Pierluigi Collina, the head of referees, has seen enough timewasting at football’s biggest tournaments. For the 2026 World Cup, the Italian has introduced 11 measures specifically for the tournament, determined to speed up matches and reduce match-changing mistakes – and most will be applied in the Premier League, English Football League and Scottish Premiership next season.
Fifa’s plan is not strict enforcement, but deterrent measures to alter player behaviour. One of the most visible changes is a five-second countdown for goal-kicks and throw-ins. If a player deliberately delays the restart, a goal-kick could become a corner or the throw given to the opposition.
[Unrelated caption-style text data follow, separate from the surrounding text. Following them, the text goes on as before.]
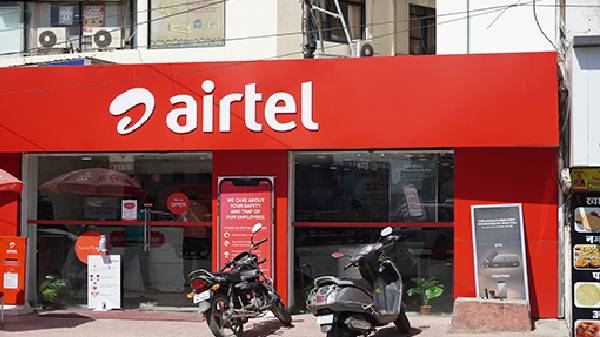 ಕಡಿಮೆ ಬೆಲೆಯಲ್ಲಿ ಹೊಸ ರೀಚಾರ್ಜ್ ಪ್ಲ್ಯಾನ್ ಲಾಂಚ್ ಮಾಡಿದ ಏರ್ಟೆಲ್! ಕಡಿಮೆ ಬೆಲೆಯಲ್ಲಿ ಹೊಸ ರೀಚಾರ್ಜ್ ಪ್ಲ್ಯಾನ್ ಲಾಂಚ್ ಮಾಡಿದ ಏರ್ಟೆಲ್!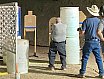 2022-MAY - 1Gun Matches at PRGC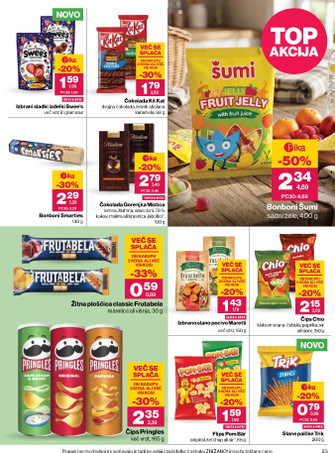 Mercator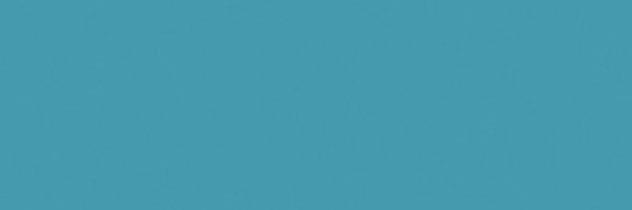 useek_rique's profile banner image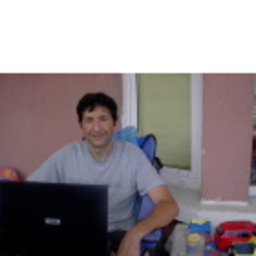 Selim Uras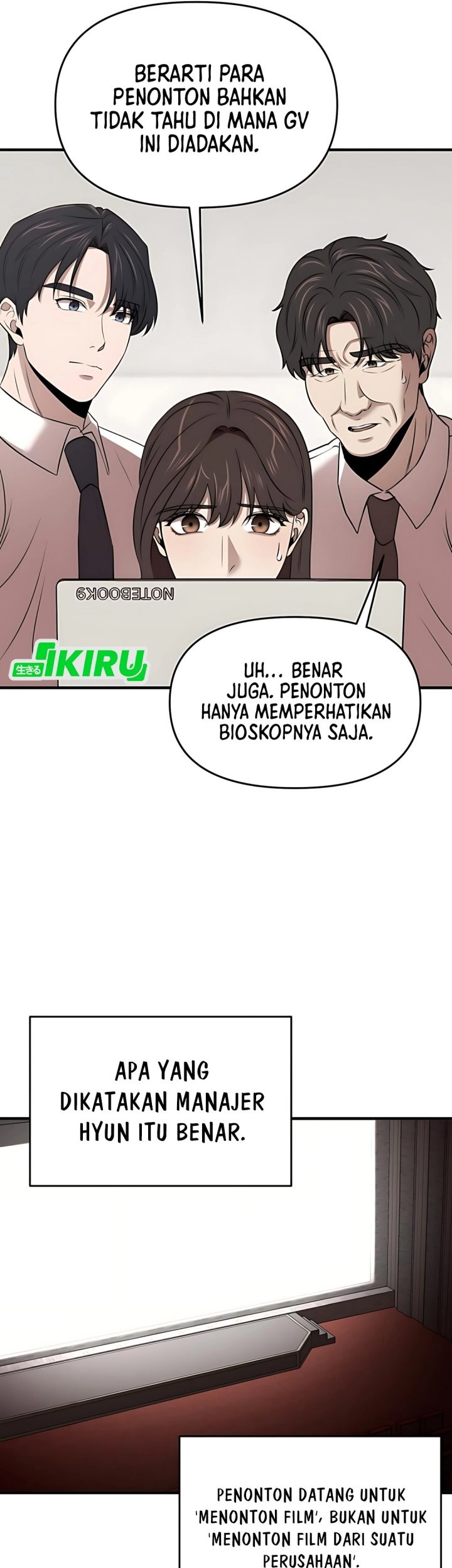Halaman 145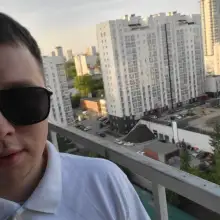 Фото Kirill 2 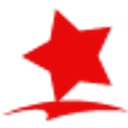 DELIGHT SERVICES S.R.L.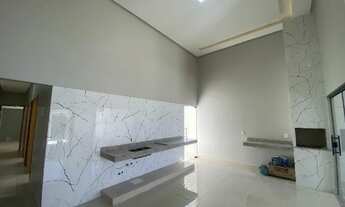 Imagem 7: Casa pirineus 3 quartos lindo acabamento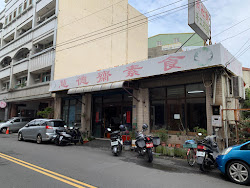 64275a2929ba5eb673d2047b 的照片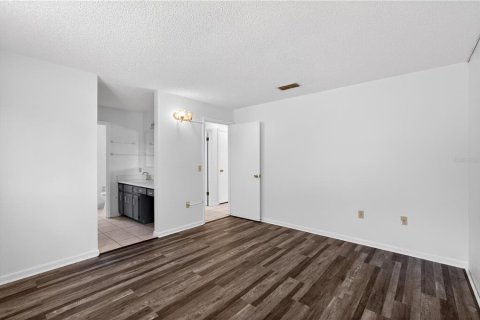 Villa ou maison à vendre à Ocala, Floride: 2 chambres, 106.28 m2 № 2221455 - photo 20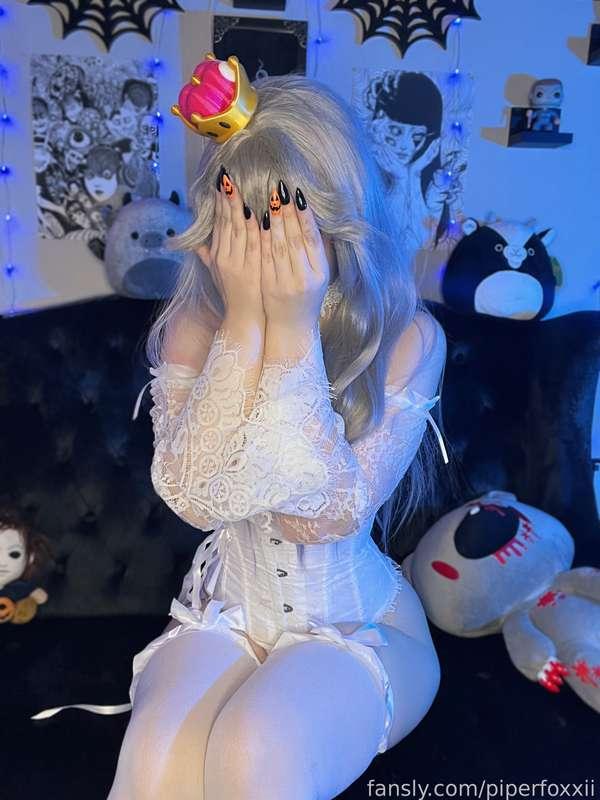 piperfoxxii image #4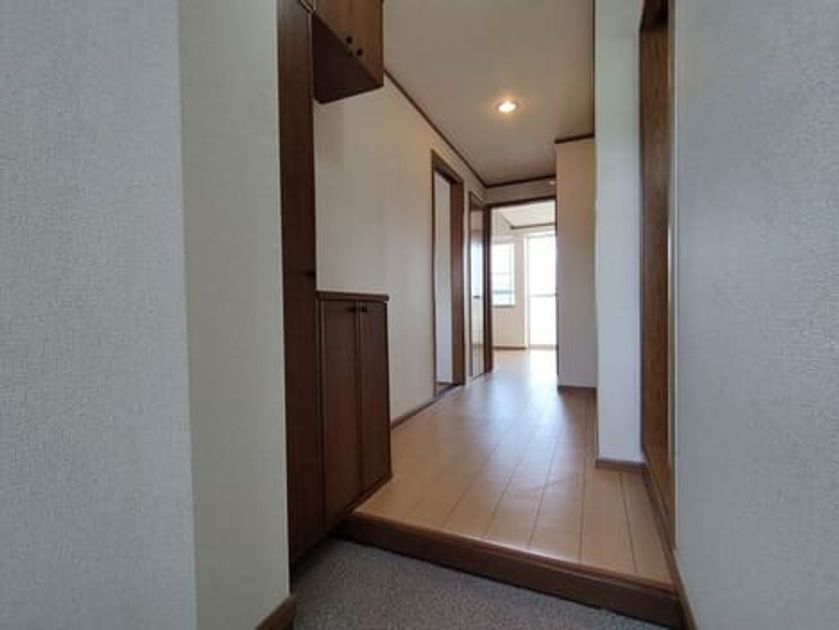 Naikan6 20260213000000 945x630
The count will not begin when the ball goes out of play – a referee will choose to activate it if a player is taking too long. Like the eight-second countdown after a goalkeeper has caught the ball, the referee will visibly make a count by moving an arm up and down. Previously, the only tool a referee really had was a yellow card. But officials were reluctant to book a keeper twice and send them off. Conceding a corner, Collina hopes, is a more effective deterrent.
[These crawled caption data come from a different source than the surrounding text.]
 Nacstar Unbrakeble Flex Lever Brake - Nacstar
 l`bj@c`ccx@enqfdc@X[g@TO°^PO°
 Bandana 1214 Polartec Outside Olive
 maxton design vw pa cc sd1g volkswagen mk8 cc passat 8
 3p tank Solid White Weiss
“Fifa introduces 11 law changes for the 2026 World Cup, including five-second countdowns for set-pieces and 10-second substitutions.”
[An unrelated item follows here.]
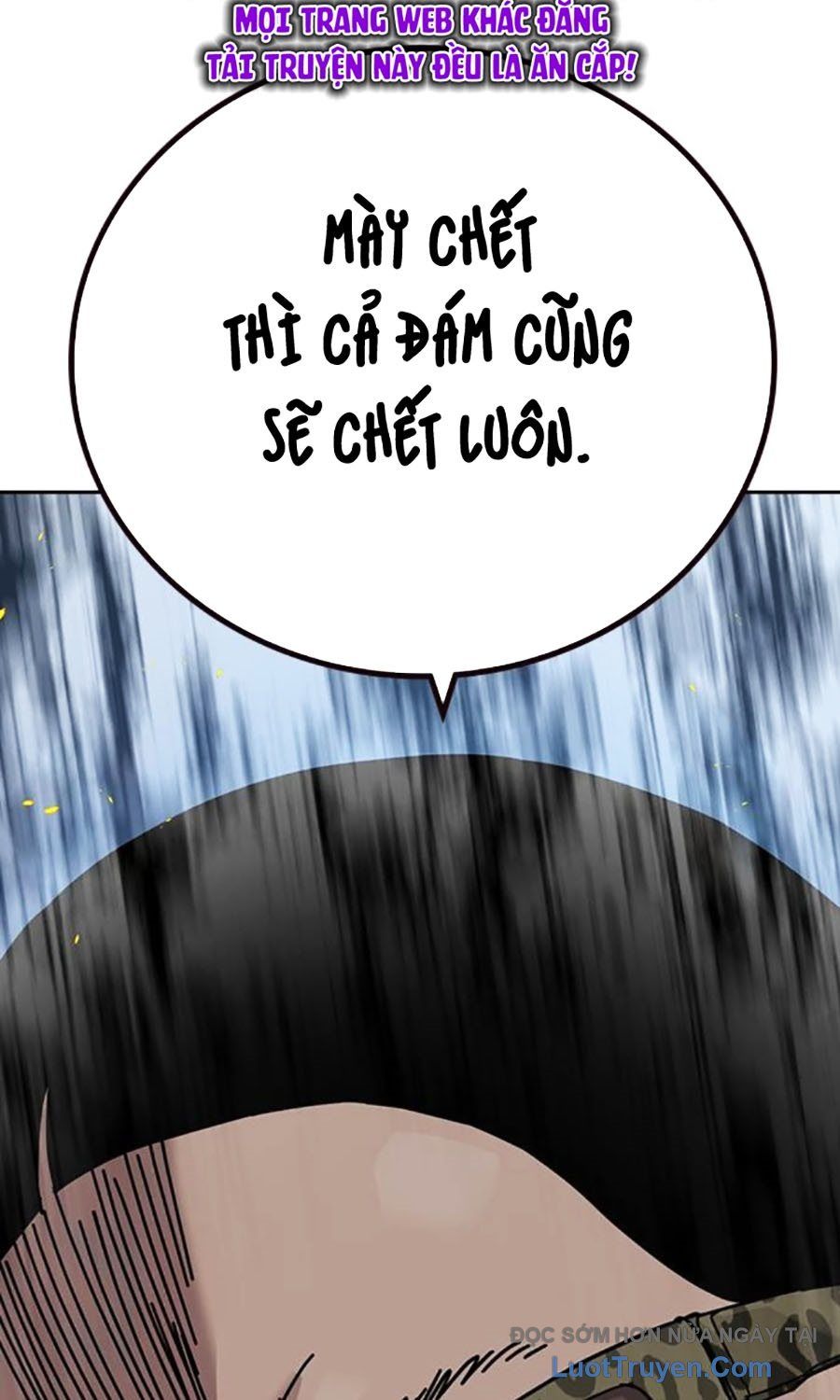 Để Có Thể Sống Sót Chapter 188 - Trang 2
Another change targets slow substitutions. Substituted players now have 10 seconds to leave the field at the nearest point. If they fail, the substitute cannot enter for at least one minute and the team must play with 10 players. There are exemptions for injury or security concerns, though the latter should not be an issue at the World Cup. The new law says the substitute will not be able to come on until play next stops, meaning a team could in theory be left with 10 players for several minutes. The international friendly between Japan and Iceland on 31 May offered a glimpse: an Iceland player took too long to leave the field.
These changes are just part of a wider package. Collina has been pushing to fix timewatching for years. At the Qatar World Cup in 2022, he told officials to be precise and add everything onto stoppage time. The opening matches all exceeded 100 minutes, with 24 minutes added on across both halves for England’s 6-2 win over Iran. Now, the aim is to make sure players get on with the game and save lost time that way.
Fifa has also given new powers to the video assistant referee (VAR), alongside measures to protect the tempo of the game and adjustments around player behaviour. With 51 referees taking charge of games – including Michael Oliver – the 2026 World Cup is set to be unprecedented not just in size, but in how the laws are enforced.